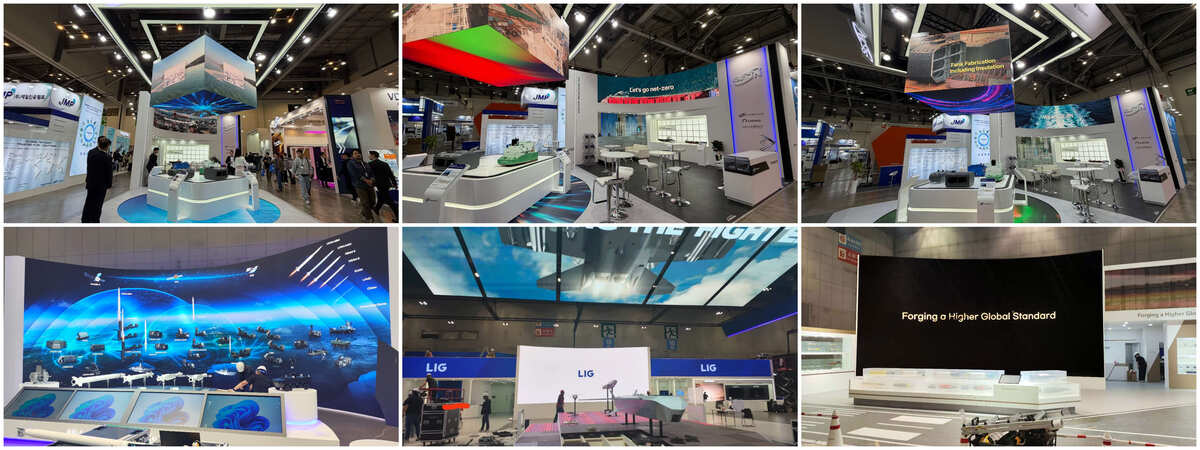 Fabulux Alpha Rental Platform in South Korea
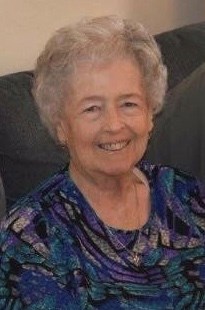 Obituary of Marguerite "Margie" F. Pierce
*-*-*
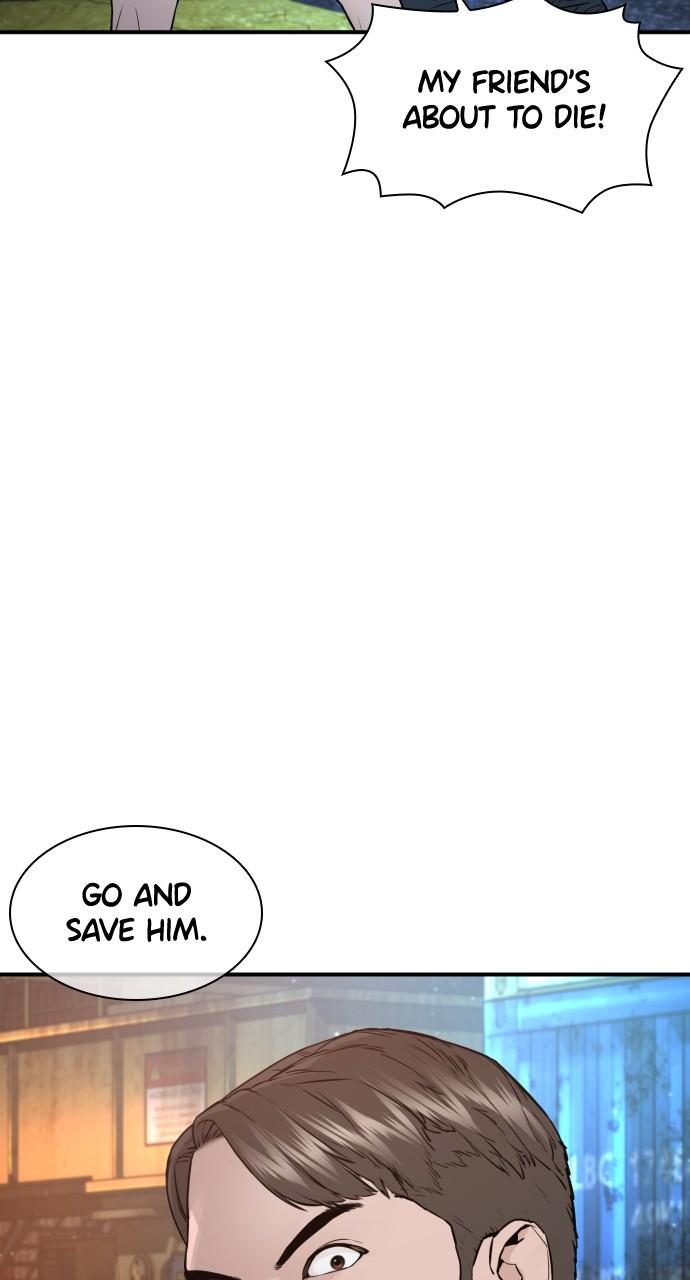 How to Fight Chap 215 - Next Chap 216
*-*-*
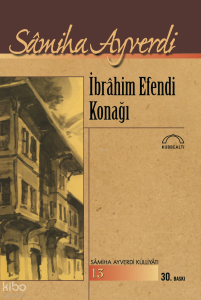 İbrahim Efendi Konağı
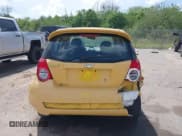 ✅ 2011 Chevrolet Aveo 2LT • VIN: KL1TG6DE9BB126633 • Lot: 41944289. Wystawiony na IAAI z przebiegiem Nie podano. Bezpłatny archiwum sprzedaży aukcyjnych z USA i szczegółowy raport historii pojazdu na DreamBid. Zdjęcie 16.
*-*-*
What is expected: An exact copy is needed of the entries above, starting at the line that holds "Fabulux Alpha Rental Platform in South Korea" and stopping at the line that holds "Obituary of Marguerite", both kept; pictures stay out.

Exercise output:
 Fabulux Alpha Rental Platform in South Korea
 Obituary of Marguerite "Margie" F. Pierce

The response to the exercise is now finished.